Each ransomware payment subsidises more attacks – report

Although a minority of ransomware victims pay their extorters, those that do are directly enabling between six and ten attacks on other organisations, according to research by cybersecurity firm Trend Micro.

The research found that those that agree to pay – which in this report was around 10% of firms analysed – usually do so quickly and are generally being forced to pay more per incident. It revealed that victims in some sectors and countries pay more often than others, meaning their peers are more likely to be targeted. It also concluded that paying a ransom often only results in driving up the overall cost of the incident with few other benefits.

The study showed that ransomware monetisation activities are at their lowest in January and July-August, making these potentially good times for defenders to rebuild infrastructure and prepare for future threats.

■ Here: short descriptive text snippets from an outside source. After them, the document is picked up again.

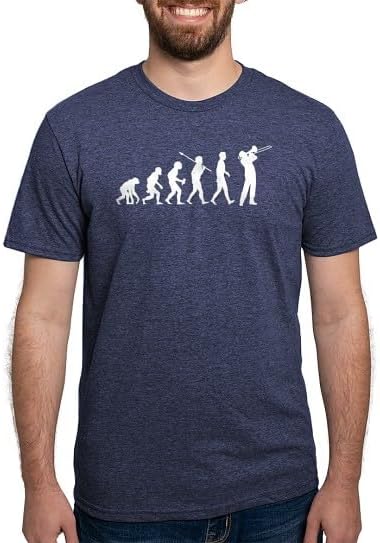 CafePress Trombone Player T Shirt Men's Deluxe Tri-Blend T-Shirt - Heather Navy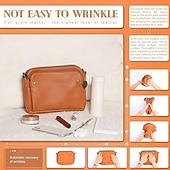 levne Tašky přes rameno-Dámské Crossbody kabelka Taška přes rameno Aktovka PU kůže Nakupování Denní Zip Nastavitelná Velká kapacita Voděodolný Pevná barva Vínově rudá Černá Hnědá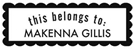 Picture of Makenna Rectangular Craft Stamp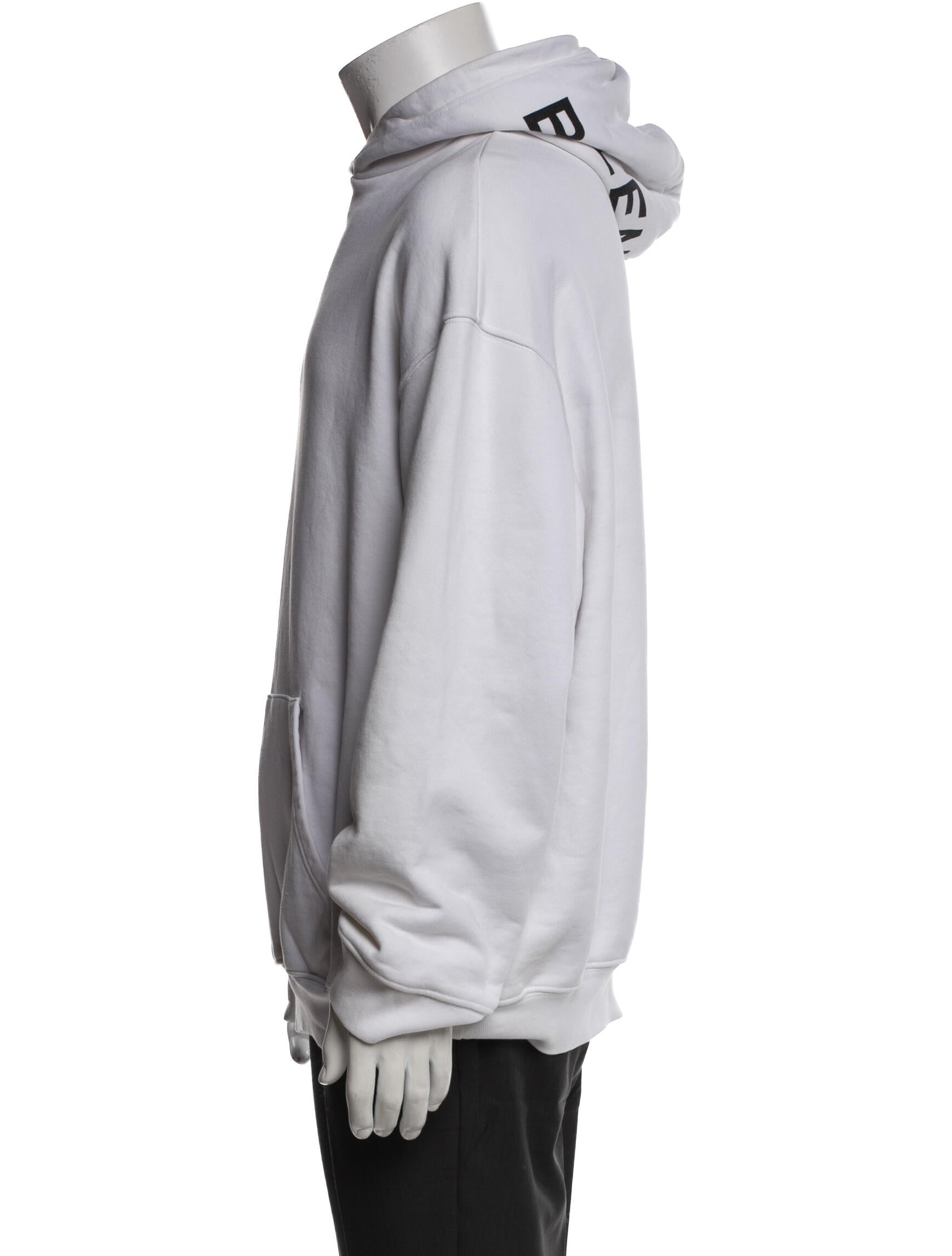 Balenciaga 2017 Crew Neck Hoodie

Jon Clay, VP of threat intelligence at Trend Micro, said: “Ransomware is a major cybersecurity threat to enterprises and governments today. It’s also continually evolving, which is why we need more accurate, data-driven ways to model ransomware-related risk. This new research aims to help IT decision-makers better understand their risk exposure and provide policymakers with the information they need to craft more effective and impactful strategies.”

Jointly produced by Trend Micro and Waratah Analytics, research for the report – What decision makers need to know about ransomware risk – applied data science approaches to information collected from network and host-based telemetry, underground forums, bitcoin, and financial transactions, and chat logs, alongside analysis of criminal business processes.